On good days she managed to be quiet, polite, and unnoticeable. Subdued!
All intellectual stimulation had been removed from her life. Everything became flat.
“Maybe one day I will turn into something else.” She thought feeling nailed down to her bed.
Everything in the house grew into an assault on her senses reeking of abandon. If abandon had a smell, could it also have a color? A repellent hospital green perhaps?
How to find solace in a world that has lost all color? Nobody wants to see the pain. Darkness ends up hiding you in a shadow. Dying inside, each day a little more.
She remembered how as a child she would get so much pleasure from staring at walls and furniture. She missed the wallpaper in her grandmother’s house. Sprawling flamboyant patterns committing every artistic sin. Dull enough to confuse the eye and pronounced enough to constantly irritate. She would follow the curves and watch them plunge out of outrageous angles, destroying themselves in contradictions; becoming something new entirely.
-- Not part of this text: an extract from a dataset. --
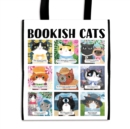 Image for Bookish Cats Reusable Shopping Bag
“There are things that nobody sees but me.” she mused, “Like the fact that I live in a parallel universe. Neither dead nor alive. Madness is a terrific opportunity to observe sensations from a strange perspective.”
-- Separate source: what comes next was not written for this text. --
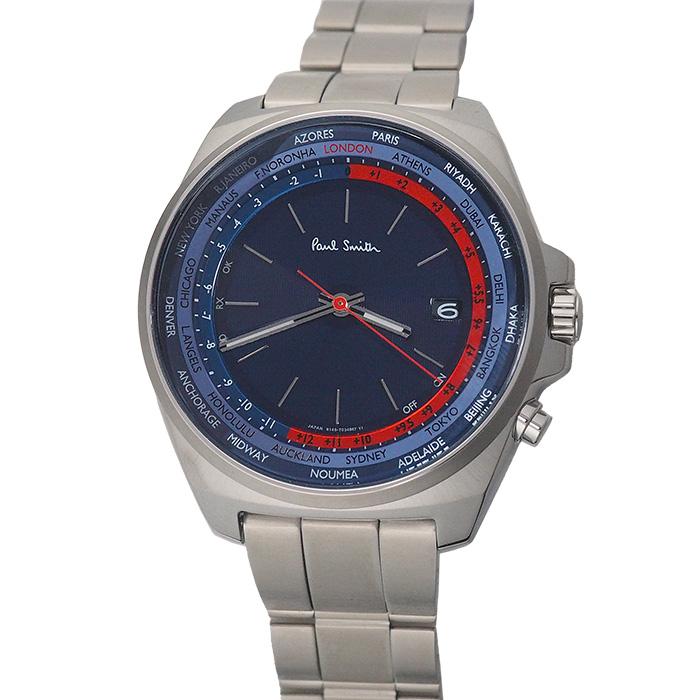 Paul Smith FIVE EYES 2015限定 ソーラー電波 クロノ 【公式通販】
She hoped happiness would find her, somehow retrieve her from this disconnected purgatory, but sadness always got in the way first. It sneaked up out of nowhere, biting holes in what little solid ground was left to her.
“To cease to exist and to die are two different things entirely. I´m no longer afraid of loss.” She thought, “I have nothing left to lose. Did the stars ever reflect in my tears at night? I need an escape. I can no longer feel. Do I have any other option than the ultimate sin?”
She didn´t fear the reaper. What would kill her quicker? Would she need an anesthetic?
A flash of violence-hit her out of nowhere.
- “Stop going around begging for a living and making deals with the future!” a voice rasped in her head.
- “Dry your tears and unearth the secrets of your true nature! Wake up”
“I´m still alive…” she thought she was dreaming.
- “Wake up!” a voice whispered to her again. “Wake up with the absence of your will to preserve an abolition of memory. Remember life! You sold yourself cheap! Wake up and arise from the rubble. There is a world outside and a place for you in it. Dust yourself off and dance down the path to freedom!”
This morning she felt like she woke up from a dream in reverse. It left her feeling anxious and protected at the same time. She smiled at him as he walked out the door.
- “Goodbye!” she whispered, “Today I choose to get rid of all the layers you buried me under over the years. I shed my skin and return to my essence. I have been adrift for so long. I lost connection with whom I really am. No more! The smoke has cleared. I see a bigger picture. I banish the dark and embrace life! With an attitude of gratitude.”